Although we are having a more fragmented media market – different voices can speak through various webcaster, specialty DVDs and alternative film festivals (Hoolboom 179), the misrepresentation and absence of Asians are still largely exist in the mainstream industries. From Aline MacMahon in Dragon Seed (1944) to Linda Hunt in The Year of Living Dangerously (1982), or even Emma Stone claimed to be part-Chinese in Aloha (2015), Asians have been invariably casted by white people in Hollywood films. The more Asians being misrepresented, the more stereotype and stigmatization will be reinforced. In terms of gay porn, it not only reinforces mainstream preference and heteronormativity but also construct the public understanding of social and sexual position. To break the vicious cycle, criticism should invite viewers to reflect on the education (of desire) we are receiving.

 

 

Watch Flytrap on Vimeo.

Works Cited

Dyer, Richard. "Male Gay Porn: Coming to Terms." Jump Cut, vol. 30, 1985, p. 27.

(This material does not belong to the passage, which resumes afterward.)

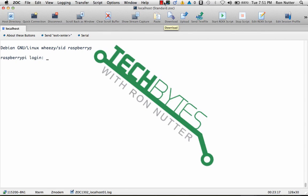Hello and welcome to another edition of Tech Bytes with Ron Nutter. In my last recording, I showed you about the UFW or uncomplicated firewall available on Raspberry Pi and got you to the point where you could get it up and running.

Fung, Richard. "Looking for My Penis: The Eroticized Asian in Gay Video Porn." A Companion to Asian American Studies, 2007, pp. 235-253.

Hoolboom, Mike. Practical Dreamers: Conversations with Movie Artists. 2008.

Marks, Laura U. "Sexual Hybrids: From Oriental Exotic to Postcolonial Grotesque." Parachute : [revue D'art Contemporain], 1993.  

Nguyen, Hoang T. A View from the Bottom: Asian American Masculinity and Sexual Representation. Duke Univ. P, 2014.

Steyerl, Hito. "In Defense of the Poor Image." Journal #10, Nov. 2009, pp. 1-9.

Walther, Matthias. "Bourdieu’s Theory of Practice as Theoretical Framework." Repatriation to France and Germany: A Comparative Study Based on Bourdieu's Theory of Practice, Springer Gabler, 2014, pp. 7-16.

Waugh, Thomas. "Sex, Money and Sobriety." The Romance of Transgression in Canada: Queering Sexualities, Nations, Cinemas, McGill-Queen's UP, 2006, pp. 236-240.

Weinstein, Deena. Heavy Metal: A Cultural Sociology. Lexington u.a, 1991.